▶ DIRECTIONS:
Keep the images out while you retype all of the data exactly.

▶ DATASET EXCERPT:
━━━━━━━━━━━━━━━━━━━━━━━━━━━━━━

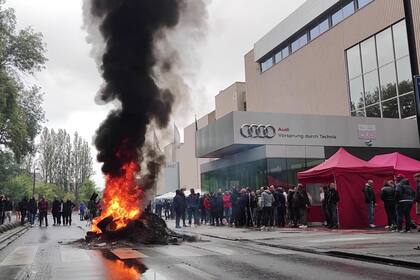 Los trabajadores quemaron neumáticos en el ingreso a la planta (captura de video)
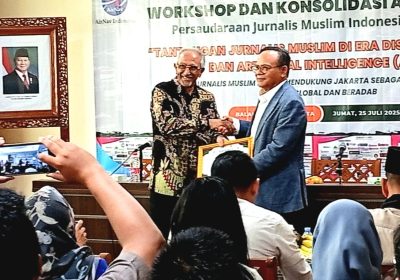 Ketua Dewan Pers Cerita Pengalaman Jadi Wartawan di Rakernas PJMI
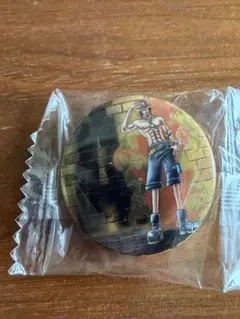 ONE PIECE ワンピース　エース　缶バッジ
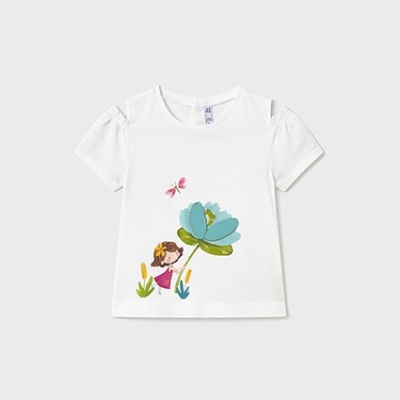 T-shirt branca de manga curta com ilustração de menina e flor azul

━━━━━━━━━━━━━━━━━━━━━━━━━━━━━━

▶ RESULT OF THE EXERCISE:
 Los trabajadores quemaron neumáticos en el ingreso a la planta (captura de video)
 Ketua Dewan Pers Cerita Pengalaman Jadi Wartawan di Rakernas PJMI
 ONE PIECE ワンピース　エース　缶バッジ
 T-shirt branca de manga curta com ilustração de menina e flor azul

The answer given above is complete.